-- EXCERPTED DATA follows --
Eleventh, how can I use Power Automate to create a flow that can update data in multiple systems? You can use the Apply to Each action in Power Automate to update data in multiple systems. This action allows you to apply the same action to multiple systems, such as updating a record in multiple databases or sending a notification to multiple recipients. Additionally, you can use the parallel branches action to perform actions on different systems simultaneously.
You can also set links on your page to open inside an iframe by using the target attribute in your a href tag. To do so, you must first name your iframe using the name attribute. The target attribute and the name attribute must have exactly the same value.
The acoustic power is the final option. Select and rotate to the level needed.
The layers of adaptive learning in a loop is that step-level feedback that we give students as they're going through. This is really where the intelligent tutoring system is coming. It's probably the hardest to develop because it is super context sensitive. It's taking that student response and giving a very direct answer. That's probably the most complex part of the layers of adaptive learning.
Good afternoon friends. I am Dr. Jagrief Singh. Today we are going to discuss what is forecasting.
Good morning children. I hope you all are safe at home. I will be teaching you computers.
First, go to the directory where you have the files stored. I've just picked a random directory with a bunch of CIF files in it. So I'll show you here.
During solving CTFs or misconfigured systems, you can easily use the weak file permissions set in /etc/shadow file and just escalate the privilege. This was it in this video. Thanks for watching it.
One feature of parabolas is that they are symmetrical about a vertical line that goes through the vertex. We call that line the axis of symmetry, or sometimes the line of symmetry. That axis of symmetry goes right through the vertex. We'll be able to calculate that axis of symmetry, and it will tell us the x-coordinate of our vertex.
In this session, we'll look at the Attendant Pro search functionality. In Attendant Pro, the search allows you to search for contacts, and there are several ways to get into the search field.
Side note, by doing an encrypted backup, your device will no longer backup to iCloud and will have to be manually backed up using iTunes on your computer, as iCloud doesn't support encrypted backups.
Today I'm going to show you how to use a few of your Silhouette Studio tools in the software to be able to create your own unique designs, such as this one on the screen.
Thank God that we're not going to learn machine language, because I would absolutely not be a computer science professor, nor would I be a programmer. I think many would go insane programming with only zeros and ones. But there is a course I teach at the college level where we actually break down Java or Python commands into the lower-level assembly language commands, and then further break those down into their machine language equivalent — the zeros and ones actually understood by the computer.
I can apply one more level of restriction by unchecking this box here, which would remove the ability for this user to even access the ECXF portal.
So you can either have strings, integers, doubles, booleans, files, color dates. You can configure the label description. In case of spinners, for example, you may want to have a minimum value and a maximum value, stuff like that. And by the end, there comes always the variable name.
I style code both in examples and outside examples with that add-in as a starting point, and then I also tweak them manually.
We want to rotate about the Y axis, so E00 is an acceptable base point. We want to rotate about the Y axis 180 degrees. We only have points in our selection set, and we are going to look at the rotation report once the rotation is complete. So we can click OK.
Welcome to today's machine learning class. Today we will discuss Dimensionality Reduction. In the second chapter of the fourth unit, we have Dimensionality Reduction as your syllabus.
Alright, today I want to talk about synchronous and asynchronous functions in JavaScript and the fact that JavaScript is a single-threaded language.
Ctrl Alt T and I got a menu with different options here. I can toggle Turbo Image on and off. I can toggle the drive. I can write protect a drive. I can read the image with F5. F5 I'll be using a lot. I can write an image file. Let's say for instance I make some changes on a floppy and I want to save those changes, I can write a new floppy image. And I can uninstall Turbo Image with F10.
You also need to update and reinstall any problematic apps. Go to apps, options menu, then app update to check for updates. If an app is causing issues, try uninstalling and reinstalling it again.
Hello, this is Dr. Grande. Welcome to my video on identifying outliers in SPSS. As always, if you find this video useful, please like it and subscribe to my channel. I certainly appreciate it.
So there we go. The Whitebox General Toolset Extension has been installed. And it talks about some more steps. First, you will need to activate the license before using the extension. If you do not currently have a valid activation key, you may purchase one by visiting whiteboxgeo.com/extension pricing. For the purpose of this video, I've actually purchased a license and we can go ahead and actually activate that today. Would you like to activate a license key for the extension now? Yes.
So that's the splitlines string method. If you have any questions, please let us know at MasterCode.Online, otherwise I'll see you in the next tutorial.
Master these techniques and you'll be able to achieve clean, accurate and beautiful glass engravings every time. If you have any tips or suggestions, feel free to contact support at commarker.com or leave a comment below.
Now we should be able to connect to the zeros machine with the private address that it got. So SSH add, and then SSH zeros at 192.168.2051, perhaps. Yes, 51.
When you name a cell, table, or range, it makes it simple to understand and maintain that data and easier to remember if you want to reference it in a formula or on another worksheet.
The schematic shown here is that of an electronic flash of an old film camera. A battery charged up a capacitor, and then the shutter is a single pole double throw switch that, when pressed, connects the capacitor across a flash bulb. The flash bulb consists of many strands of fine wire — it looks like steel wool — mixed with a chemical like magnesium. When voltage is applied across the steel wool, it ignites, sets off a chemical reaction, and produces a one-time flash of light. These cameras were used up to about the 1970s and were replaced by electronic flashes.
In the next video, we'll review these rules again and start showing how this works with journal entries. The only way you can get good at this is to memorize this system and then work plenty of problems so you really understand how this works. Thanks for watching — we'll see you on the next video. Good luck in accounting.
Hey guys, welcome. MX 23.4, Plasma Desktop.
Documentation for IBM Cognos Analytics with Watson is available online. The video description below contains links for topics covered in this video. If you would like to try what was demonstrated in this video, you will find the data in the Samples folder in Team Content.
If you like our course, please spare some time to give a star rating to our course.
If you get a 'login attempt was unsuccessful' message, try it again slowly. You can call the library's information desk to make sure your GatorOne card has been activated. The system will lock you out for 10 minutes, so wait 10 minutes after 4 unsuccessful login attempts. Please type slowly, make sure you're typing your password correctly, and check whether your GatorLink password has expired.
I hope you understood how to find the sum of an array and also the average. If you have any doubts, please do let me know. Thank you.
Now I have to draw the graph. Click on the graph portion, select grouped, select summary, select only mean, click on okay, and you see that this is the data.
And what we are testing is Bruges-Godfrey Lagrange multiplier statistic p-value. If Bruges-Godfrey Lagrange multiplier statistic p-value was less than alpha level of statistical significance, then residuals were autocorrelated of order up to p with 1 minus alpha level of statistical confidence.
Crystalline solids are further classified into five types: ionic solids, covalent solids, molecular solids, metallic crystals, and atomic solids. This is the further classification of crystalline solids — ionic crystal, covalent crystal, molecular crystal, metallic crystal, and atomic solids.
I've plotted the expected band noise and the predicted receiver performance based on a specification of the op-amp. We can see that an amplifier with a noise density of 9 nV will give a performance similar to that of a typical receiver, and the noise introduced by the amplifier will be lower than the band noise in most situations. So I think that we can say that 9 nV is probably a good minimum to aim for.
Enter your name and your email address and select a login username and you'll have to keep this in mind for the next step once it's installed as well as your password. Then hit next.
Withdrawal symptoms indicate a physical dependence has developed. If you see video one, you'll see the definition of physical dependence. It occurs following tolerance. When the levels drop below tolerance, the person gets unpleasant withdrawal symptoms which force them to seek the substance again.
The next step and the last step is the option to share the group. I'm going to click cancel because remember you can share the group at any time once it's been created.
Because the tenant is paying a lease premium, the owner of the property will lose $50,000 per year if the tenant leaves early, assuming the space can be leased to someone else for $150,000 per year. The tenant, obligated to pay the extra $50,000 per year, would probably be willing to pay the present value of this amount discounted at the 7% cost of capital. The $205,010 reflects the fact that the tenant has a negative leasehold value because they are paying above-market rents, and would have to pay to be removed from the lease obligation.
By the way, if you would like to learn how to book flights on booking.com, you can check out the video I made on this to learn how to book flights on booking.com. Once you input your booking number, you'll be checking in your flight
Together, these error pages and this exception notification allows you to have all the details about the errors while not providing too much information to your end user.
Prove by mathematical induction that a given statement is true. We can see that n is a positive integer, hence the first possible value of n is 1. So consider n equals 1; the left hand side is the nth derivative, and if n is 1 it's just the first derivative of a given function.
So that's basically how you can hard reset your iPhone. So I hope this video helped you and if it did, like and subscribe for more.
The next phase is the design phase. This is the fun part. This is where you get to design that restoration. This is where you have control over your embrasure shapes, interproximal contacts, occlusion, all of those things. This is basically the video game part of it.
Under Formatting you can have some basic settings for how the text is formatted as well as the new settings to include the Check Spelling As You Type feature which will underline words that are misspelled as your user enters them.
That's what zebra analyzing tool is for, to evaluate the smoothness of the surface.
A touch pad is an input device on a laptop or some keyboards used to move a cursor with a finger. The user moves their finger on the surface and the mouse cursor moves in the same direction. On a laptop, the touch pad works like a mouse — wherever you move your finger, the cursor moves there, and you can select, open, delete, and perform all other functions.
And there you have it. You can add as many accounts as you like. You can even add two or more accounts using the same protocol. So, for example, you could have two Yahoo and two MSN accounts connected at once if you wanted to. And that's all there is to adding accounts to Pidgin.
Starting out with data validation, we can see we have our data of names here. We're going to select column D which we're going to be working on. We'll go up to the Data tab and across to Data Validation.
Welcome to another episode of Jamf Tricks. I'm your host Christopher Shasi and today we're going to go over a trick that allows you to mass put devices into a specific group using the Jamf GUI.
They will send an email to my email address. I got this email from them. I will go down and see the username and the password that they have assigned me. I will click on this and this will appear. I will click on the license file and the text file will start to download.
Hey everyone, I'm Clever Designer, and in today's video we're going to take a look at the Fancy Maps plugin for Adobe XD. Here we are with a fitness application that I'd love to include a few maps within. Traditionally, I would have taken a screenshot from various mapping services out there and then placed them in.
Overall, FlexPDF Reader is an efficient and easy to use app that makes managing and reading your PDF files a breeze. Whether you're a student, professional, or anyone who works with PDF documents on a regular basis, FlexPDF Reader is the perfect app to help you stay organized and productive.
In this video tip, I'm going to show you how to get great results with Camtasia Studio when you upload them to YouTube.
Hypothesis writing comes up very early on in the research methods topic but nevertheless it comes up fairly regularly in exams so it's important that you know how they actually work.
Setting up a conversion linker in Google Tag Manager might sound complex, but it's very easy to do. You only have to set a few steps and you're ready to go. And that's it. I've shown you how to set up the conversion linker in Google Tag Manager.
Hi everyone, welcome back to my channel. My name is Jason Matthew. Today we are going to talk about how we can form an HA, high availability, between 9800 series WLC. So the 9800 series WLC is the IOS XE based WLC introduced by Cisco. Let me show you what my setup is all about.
-- EXCERPTED DATA concluded --
▶ **TASK DETAILS**
Only one stretch of the data above is needed. Restate it word for word, from the line containing "I hope you understood" through the line containing "And what we", both ends included.

▶ **PROBLEM SOLUTION**
I hope you understood how to find the sum of an array and also the average. If you have any doubts, please do let me know. Thank you.
Now I have to draw the graph. Click on the graph portion, select grouped, select summary, select only mean, click on okay, and you see that this is the data.
And what we are testing is Bruges-Godfrey Lagrange multiplier statistic p-value. If Bruges-Godfrey Lagrange multiplier statistic p-value was less than alpha level of statistical significance, then residuals were autocorrelated of order up to p with 1 minus alpha level of statistical confidence.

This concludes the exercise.